The High Road to Taos is quintessential New Mexico at its best. Old adobe houses in lush river valleys, local art galleries and rustic produce stands. A desert painted with yellows, reds, greens, and oranges. Picturesque villages known for weaving and crafts, forest roads to explore, restaurants to try, and beautiful Catholic churches to photograph.
Late summer, early fall is a perfect time for this drive.
C’mon! Grab some crayons and paper for your little ones, strap them into their car seats, and either threaten or bribe them to behave so you can enjoy this scenic drive.
This road trip is about the journey not the destination.
You need to sit back, relax, and let your husband drive so you don’t miss anything. He can see it all another time.

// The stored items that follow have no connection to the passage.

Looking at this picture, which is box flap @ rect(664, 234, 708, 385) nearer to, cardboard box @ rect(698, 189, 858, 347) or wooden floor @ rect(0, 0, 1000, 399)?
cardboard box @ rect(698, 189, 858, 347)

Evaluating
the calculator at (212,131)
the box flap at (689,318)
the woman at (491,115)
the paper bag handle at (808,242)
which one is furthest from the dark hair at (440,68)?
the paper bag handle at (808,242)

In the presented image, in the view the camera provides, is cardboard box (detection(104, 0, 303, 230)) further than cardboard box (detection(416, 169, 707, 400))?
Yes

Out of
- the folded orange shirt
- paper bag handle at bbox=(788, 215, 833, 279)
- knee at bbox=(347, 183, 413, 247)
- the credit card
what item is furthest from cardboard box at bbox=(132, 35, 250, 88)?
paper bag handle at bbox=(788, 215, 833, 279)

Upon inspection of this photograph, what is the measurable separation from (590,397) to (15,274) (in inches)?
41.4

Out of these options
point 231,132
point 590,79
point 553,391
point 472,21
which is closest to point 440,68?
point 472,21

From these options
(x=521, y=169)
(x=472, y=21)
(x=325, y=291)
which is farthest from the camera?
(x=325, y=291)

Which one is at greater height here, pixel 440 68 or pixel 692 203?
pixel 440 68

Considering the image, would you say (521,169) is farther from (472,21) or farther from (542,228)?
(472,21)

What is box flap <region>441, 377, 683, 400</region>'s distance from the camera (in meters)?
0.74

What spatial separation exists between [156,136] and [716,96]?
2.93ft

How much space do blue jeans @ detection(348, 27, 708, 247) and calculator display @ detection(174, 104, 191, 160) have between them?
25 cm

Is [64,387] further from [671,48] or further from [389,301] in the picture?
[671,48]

Tell that handsome, yet lead-footed Indy driver of yours, to slow down so you can take in the sights. If you want to hang your head out the window like a dog, do it! Make sure the gas tank is full because you are headed into rural New Mexico.
Before you Go
Check out NewMexicoTrue for a handy map and a short description of your route. Take a Road Trip.com is perfect if you’d like a very brief history lesson of the little villages, the churches, and the people groups that traveled through the land as well as pictures on its interactive map. If your interests lie in a more artistic direction, High Road Artisans has info on where to stop to view the local wares.

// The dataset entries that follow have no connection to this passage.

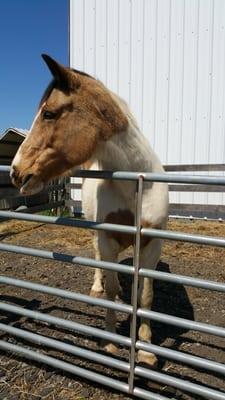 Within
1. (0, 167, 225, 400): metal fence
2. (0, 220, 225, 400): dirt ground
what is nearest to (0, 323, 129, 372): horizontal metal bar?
(0, 167, 225, 400): metal fence

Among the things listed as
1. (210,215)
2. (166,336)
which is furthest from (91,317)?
(210,215)

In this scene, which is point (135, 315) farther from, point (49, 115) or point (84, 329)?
point (49, 115)

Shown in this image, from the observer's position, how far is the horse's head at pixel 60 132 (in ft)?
7.77

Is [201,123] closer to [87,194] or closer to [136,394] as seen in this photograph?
[87,194]

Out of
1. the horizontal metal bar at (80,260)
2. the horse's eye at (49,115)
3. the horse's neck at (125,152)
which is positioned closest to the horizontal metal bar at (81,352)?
the horizontal metal bar at (80,260)

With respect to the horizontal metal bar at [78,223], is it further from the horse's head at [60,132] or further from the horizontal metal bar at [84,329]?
the horizontal metal bar at [84,329]

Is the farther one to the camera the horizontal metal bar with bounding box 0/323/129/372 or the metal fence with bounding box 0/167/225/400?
the horizontal metal bar with bounding box 0/323/129/372

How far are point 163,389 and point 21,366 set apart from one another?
3.42 feet

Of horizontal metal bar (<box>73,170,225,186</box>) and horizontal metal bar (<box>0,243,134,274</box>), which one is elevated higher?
horizontal metal bar (<box>73,170,225,186</box>)

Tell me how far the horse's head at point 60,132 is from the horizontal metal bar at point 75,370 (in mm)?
1189

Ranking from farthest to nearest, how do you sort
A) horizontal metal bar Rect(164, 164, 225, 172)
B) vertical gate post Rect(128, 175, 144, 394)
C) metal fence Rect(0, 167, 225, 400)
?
horizontal metal bar Rect(164, 164, 225, 172) < vertical gate post Rect(128, 175, 144, 394) < metal fence Rect(0, 167, 225, 400)

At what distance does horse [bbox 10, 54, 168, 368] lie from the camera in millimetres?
2388

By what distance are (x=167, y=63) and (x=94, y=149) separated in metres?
6.76

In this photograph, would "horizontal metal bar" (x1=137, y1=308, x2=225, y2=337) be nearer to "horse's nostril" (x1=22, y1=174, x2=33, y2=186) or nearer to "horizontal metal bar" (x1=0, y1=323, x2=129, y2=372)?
"horizontal metal bar" (x1=0, y1=323, x2=129, y2=372) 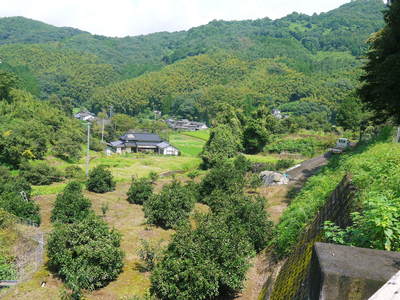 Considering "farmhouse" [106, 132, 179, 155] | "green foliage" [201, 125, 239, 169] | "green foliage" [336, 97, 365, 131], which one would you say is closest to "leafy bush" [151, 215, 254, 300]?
Result: "green foliage" [201, 125, 239, 169]

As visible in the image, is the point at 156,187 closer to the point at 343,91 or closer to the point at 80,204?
the point at 80,204

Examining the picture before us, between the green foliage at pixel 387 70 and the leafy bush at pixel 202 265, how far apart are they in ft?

Because You’ve Got to Eat!
The tiny town of Chimayo, known for its weaving, is also famous for the 300,000 people that do an annual pilgrimage here. Legend has it that the dirt has miraculous healing powers. It’s also popular for its amazing Mexican food. Rancho de Chimayó was honored as one of New Mexico’s Culinary Treasures in March 2014. If you are fully embracing the Fall in New Mexico theme, stop here and have lunch in this old hacienda. You won’t be disappointed.
After Chimayo you will pass through the lovely mountain villages of Truchas and Las Trampas where you will feel as though you’ve gone back in time.
Prefer a picnic in the forest over a restaurant? There are several forest roads along the way. Choose one at random, pull over, set up a picnic blanket, and nibble on some fried chicken and potato salad. The kids can collect pine cones and eat dirt and pine needles. That’s what kids do when you prepare perfectly good food for them.
Sugar Nymphs in Penasco has an amazing Sunday brunch if you got off to an early start. Instead of a bread tray, this local restaurant served us fresh peach scones to begin our breakfast. It’s also fun place to stop and satisfy your sweet tooth with dessert.
The High Road to Taos will end in Ranchos de Taos. Here you will be forced to make the critical decision of driving on into Taos for Happy Hour, taking the faster route back home, or going back the way you came.